History of hearing aids

History of hearing aids

 

1800s

The era of original sound collection hearing aids 

Awareness Sprouting

A few centuries ago, if people’s hearing was difficult, their only option was to help themselves: by simply use one of their hands behind the hearing-impaired ear to amplify the sound.

 

In London around 1800, F.C. Rein founded the first commercial production company of passive loudspeakers. The company produced hundreds of different hearing aids, most of which were a limited number of sound tubes and loudspeakers.

 

1900s

Carbon element hearing aid

Commercial hearing aids became feasible for the first time in 1899. The product called "Akoulallion" is produced by the American company Akouphone. This desktop hearing aid is mainly made of carbon. It is the size of a table and is priced at US$400. In 1900 this hearing aid was improved and renamed "Akouphone".

The microphone at this stage of 1901 is made of toner, but the effect is not very good.

Year 1902:

At this stage, the efficiency of electronic carbon hearing aids is determined by the relative relationship between the microphone and the headset.

 

 

1920s

Vacuum Electronic Tube hearing aid

Year 1907

The vacuum tube or electron tube was invented by Lee DeForest and was quickly used in broadcasting equipment.

 

Year 1921

Earl C. Hanson invented the first prototype of a vacuum tube hearing aid, which was patented and produced by a company called Universal.

 

Year 1933

The first vacuum tube hearing aid was designed by two companies in England, Amplivox and Maltitone. This kind of device needs two batteries to supply power and is limited by the battery life, usually it can only be used for one day. This hearing aid consists of four parts: microphone, earphone (receiver), amplifier and two batteries.

 

1950s

Transistor and integrated circuit hearing aid

 

 

Year 1952

With the invention of the transistor at Bell Labs in the United States in Year 1947, the Raytheon Manufacturing Company introduced the "junction transistor" technology in 1952.

 

Year 1953

The following companies have launched their first transistor hearing aids: Microtone, MAICO (a member of the Oticon group of companies) Unex and Radioear.

 

Year 1955

The American company Dahlberg launched Miracle Ear, which is their first in-ear device, and may also be the world's first in-ear hearing aid.

 

Year 1957

A hearing aid distributor from California made a custom hearing aid for his client.

1980s

Digital Hearing aid

In the 1980s, integrated circuit technology advanced by leaps and bounds.
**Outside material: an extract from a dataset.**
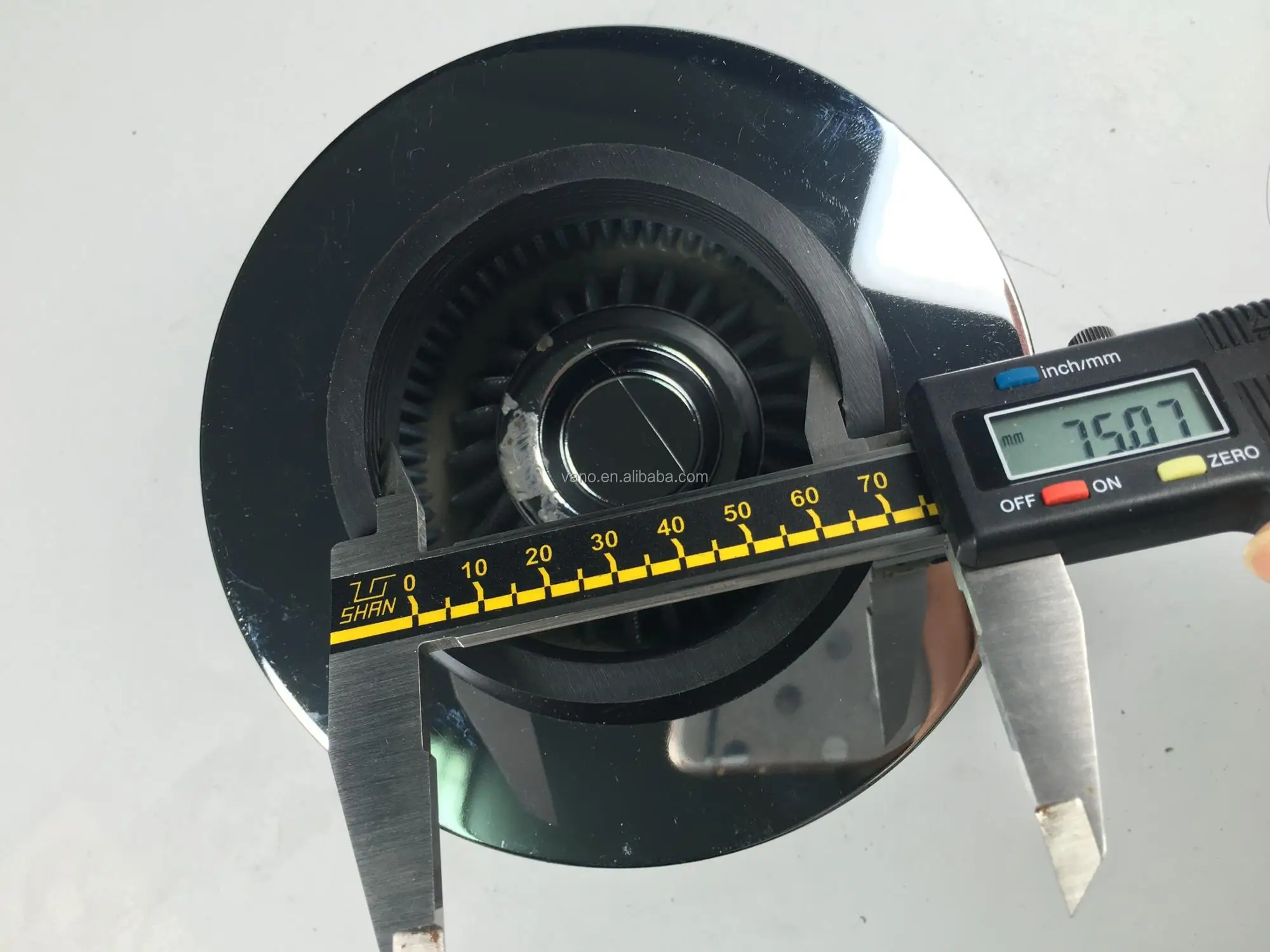 wholesale Auto air filters with neck 70 76 89 101mm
Many new integrated circuits using "analog sound processing" technology have appeared on the market.

 

Year 1983

Nanley, Steadman, Wechsler and Spencer reported on the wearable digital hearing aid developed at Audiotone. The digital hearing aid itself includes digital circuits like computers used for sound processing.

 

Year 1984

The University of Wisconsin and Nicolet Instrument Company conducted a project research that led to the birth of the first truly wearable digital hearing aid: Phoenix.

 

In the late 1980s, many programmable hearing aids were invented. Digital technology has been applied to hearing aids, bringing about a truly revolutionary era in hearing aids.

 

Present and Future

After more than a hundred years of ups and downs, today’s hearing aids have various shapes such as invisible hearing aids, in-the-ear, behind-the-ear, glasses type hearing aid, hairpin hearing aid, jewelry hearing, wireless hearing aid, etc., and the hearing aid effect has been significantly improved.

 

At the current level of development of hearing aids, users with moderate hearing loss have the condition to choose to place the hearing aid deep in the ear canal without being visible, and the size of the hearing aid has been greatly reduced.

 

Industry professionals are adding different technologies to the hearing aid industry, including charging technology, wireless technology, language education, medical facilities and other technologies in different fields are being integrated, the future development of hearing aids will have unlimited possibilities.